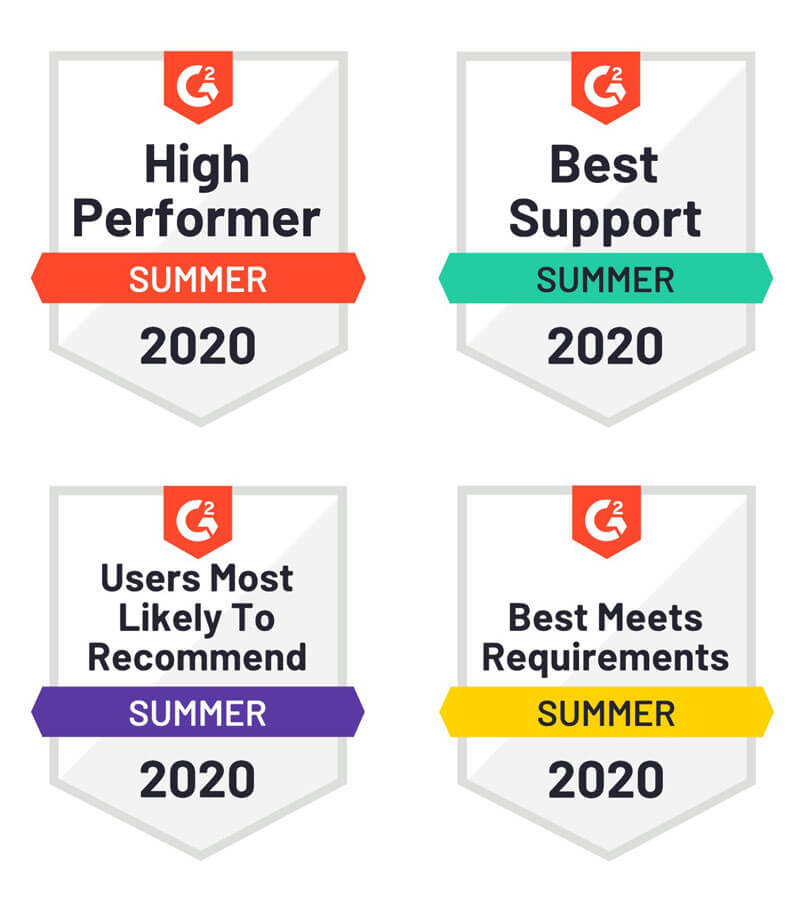 G2Crowd badges 2020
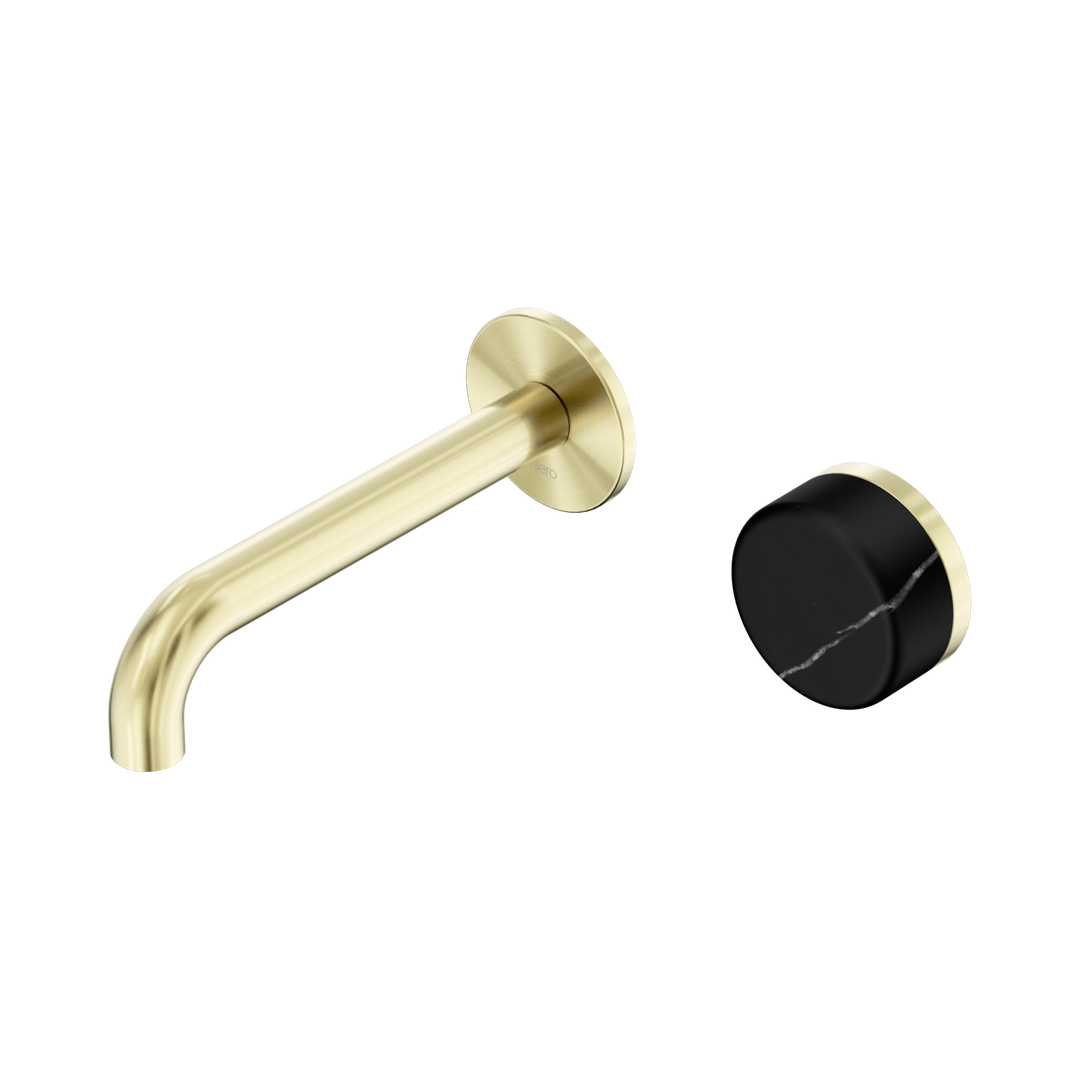 Nero Serenity Progressive Wall Basin Mixer 160Mm Spout With Marquina Black Handle Brushed Gold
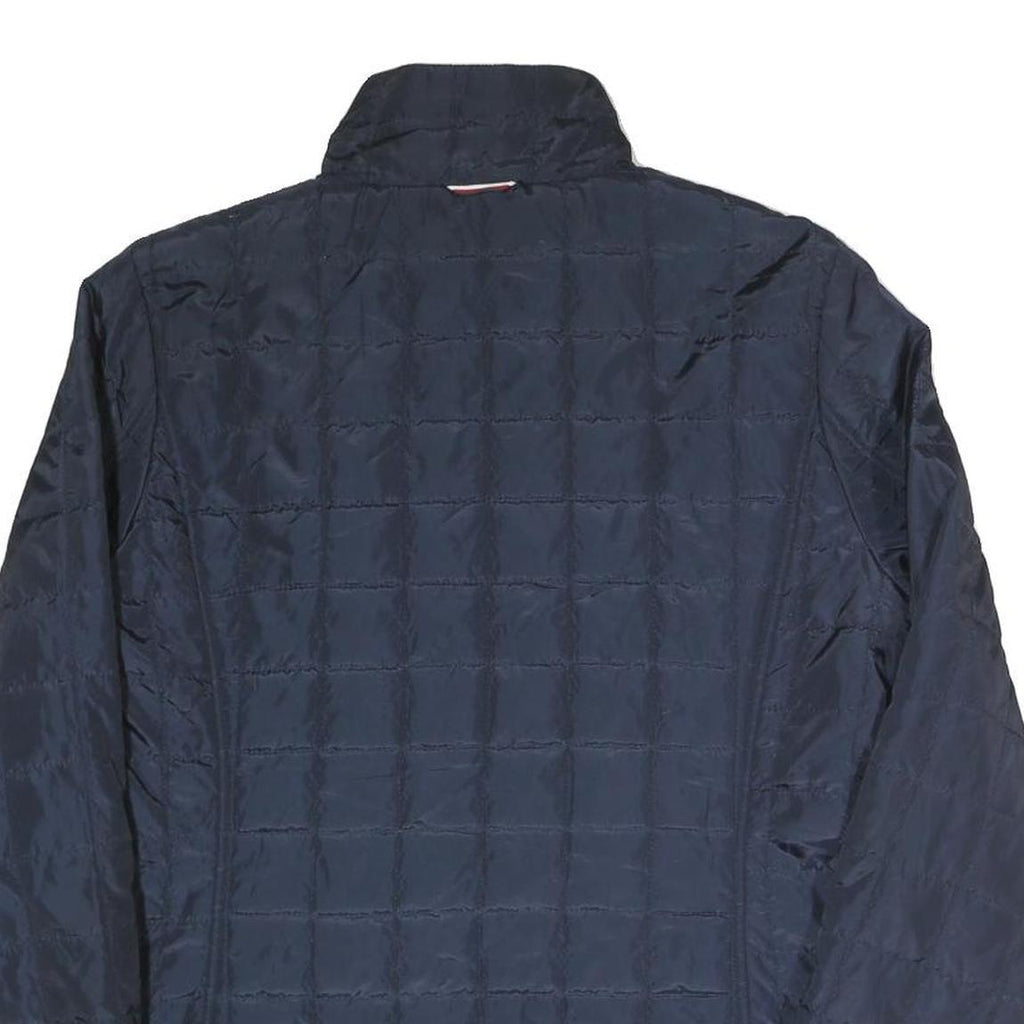 TOMMY HILFIGER Womens Navy Blue Quilted Polyester Blend Jacket L Zip Casual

---------------

_Task goal_
Reproduce every line above exactly, pictures excluded.

_Expected answer_
 G2Crowd badges 2020
 Nero Serenity Progressive Wall Basin Mixer 160Mm Spout With Marquina Black Handle Brushed Gold
 TOMMY HILFIGER Womens Navy Blue Quilted Polyester Blend Jacket L Zip Casual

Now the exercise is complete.